Microsoft to meld cloud and on-premise management

Microsoft to meld cloud and on-premise management

Ryan O’Hara, Microsoft’s senior director for System Center, talks to about bringing cloud resources under the control of existing management tools

Daniel Robinson, 21 May 2010

Microsoft’s cloud computing strategy has so far delivered infrastructure and developer tools, but the company is now looking to add cloud support into its management platform to enable businesses to control workloads both on-premise and in the cloud from a single console.

Microsoft’s System Center portfolio has focused on catching up with virtualisation leader VMware on delivering tools that can manage both virtual and physical machines on-premise, according to Ryan O’Hara, senior director of System Center product management at Microsoft.

“Heretofore we’ve been investing in physical-to-virtual conversion integrated into a single admin experience, and moving from infrastructure to applications and service-level management,” he said.

Microsoft is now looking at a third dimension, that of enabling customers to extend workloads from their own on-premise infrastructure out to a public cloud, while keeping the same level of management oversight.

“We think that on-premise architecture will be private cloud-based architecture, and this is one we’re investing deeply in with Virtual Machine Manager and Operations Manager to enable these private clouds,” said O’Hara.

Meanwhile, the public cloud element might turn out to be a hosted cloud, an infrastructure-as-a-service, a platform-as-a-service or a Microsoft cloud like Azure.

The challenge is to extend the System Center experience to cover both of these with consistency, according to O’Hara. He believes this is where Microsoft has the chance to create some real differentiation in cloud services, at least from an enterprise viewpoint.

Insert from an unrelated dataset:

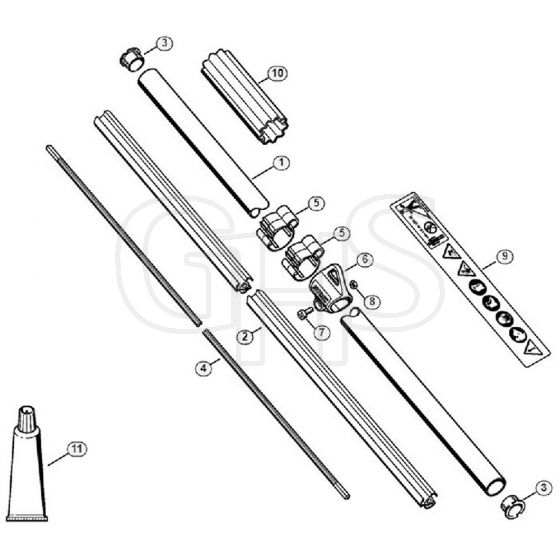 Genuine Stihl FS87 R / L - Drive tube assembly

“I think, as we extend cross these three boundaries, it puts System Center and Microsoft into not just an industry leading position, but a position of singularity. I don’t think there is another vendor who will be able to accomplish that kind of experience across all three dimensions,” he said.

This is territory that VMware is also exploring with vSphere and vCloud, and the company signalled last year that it planned to give customers the ability to move application workloads seamlessly between internal and external clouds.

However, O’Hara said that Microsoft intends to go further than VMware and provide consistent management control across cloud boundaries at every level of the stack. All of Microsoft’s future management products will have cloud extensions, he said.

“VMware is investing heavily in infrastructure-level symmetry, creating mobility at the virtual machine level from the on-premise stack to the off-premise stack,” he said.

“That’s interesting, but there’s no uniformity of platform, no uniformity of managing service levels between the on- and off-premise capability, and there’s really not a lot of insight on applications being delivered across the infrastructure.”

In other words, VMware’s focus is on moving virtual machines around, rather than managing the applications running inside them.

“One of the things we’re highlighting is that we’re extending across the public boundary using Systems Center and familiar assets like Operations Manager 2007 to manage an Azure application in conjunction with your on-premise application workloads. Having established two discrete management stacks, we’re now looking at bringing them together,” said O’Hara.

Microsoft announced in April that a forthcoming Management Pack for Azure, coming in the second half of 2010, will give customers the ability to control Azure components within the Operations Manager 2007 R2 console.

This is a necessary path to take, O’Hara explained, otherwise cloud computing will turn into yet another separate application stack with its own management tools and expertise.

“Frankly, we’re going down a path where, if we don’t do this, we’re going to end up with a third silo in the organisation, with cloud engineers as well as infrastructure engineers and virtualisation engineers. That’s a cost model that I don’t think is viable,” he said.

Microsoft is also spinning back the expertise it has gained from Azure and its compute fabric management capabilities into Windows Server and its on-premise infrastructure, according to O’Hara. Announcements around this are expected in the next couple of months.

The next generation of Virtual Machine Manager and Operations Manager, which Microsoft has dubbed its ‘VNext’ releases, are due in 2011 and will have “even more robust investments incorporating cloud scenarios”, O’Hara said.